A vontade construtiva geral de procurar nossas
características latentes, a nosso ver, persiste, embora a esperada identidade
cultural, ou seja, a arte contemporânea brasileira ainda é assunto de discussão
por parte de artistas, críticos e acadêmicos. Sobre o tema não há consenso.
A segunda característica não se
confirmou plenamente, pois o quadro de cavalete não foi inteiramente superado
ou demolido. Verificamos que no mercado de artes ainda encontramos produções de
artistas que guardam alguns dos elementos do quadro, como, por exemplo, os
trabalhos de Cristina Oiticica, Gustavo Rosa, Glênio, Ziraldo, etc.

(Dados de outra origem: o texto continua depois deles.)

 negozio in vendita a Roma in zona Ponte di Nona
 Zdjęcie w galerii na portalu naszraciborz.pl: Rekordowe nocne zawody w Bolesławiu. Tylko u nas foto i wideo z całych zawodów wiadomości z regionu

Quanto às demais características,
acreditamos que se confirmaram, pois, a participação do espectador é cada vez
mais presente nos trabalhos dos artistas contemporâneos; a preocupação com as
questões sociais, políticas e éticas fortaleceu-se em função da liberdade
ideológica hoje existente, embora essas questões nem sempre estejam adstritas à
situação brasileira.
O autor conclui que no Brasil, para
ter uma posição significativa é necessário ser visceralmente contra tudo que
seria o conformismo cultural, político, ético e social. A frase fundamental
para o seu grupo de vanguarda era: “DA ADVERSIDADE VIVEMOS!”.
As ideias de Oiticica até hoje reverberam com
força no mundo da arte brasileira, só que a frase mais adequada à nossa
realidade seria: “VIVEMOS DA DIVERSIDADE!”.
Referência
OITICICA, Hélio - Esquema
Geral da Nova Objetividade, texto publicado no Livro Aspiro ao Grande Labirinto . Editora Rocco, 1986
JUDD, Donald - Objetos
Específicos, texto publicado originalmente em Arts Yearbook 8, 1965, com
numerosas reedições.
Edna Galisa de Souza
Estudante de Artes Visuais da Faculdade de Artes Dulcina de
Morais.
Abril/2012
[1] O
manifesto Esquema Geral da Nova Objetividade foi publicado originalmente na
Exposição Nova Objetividade Brasileira, em 1967.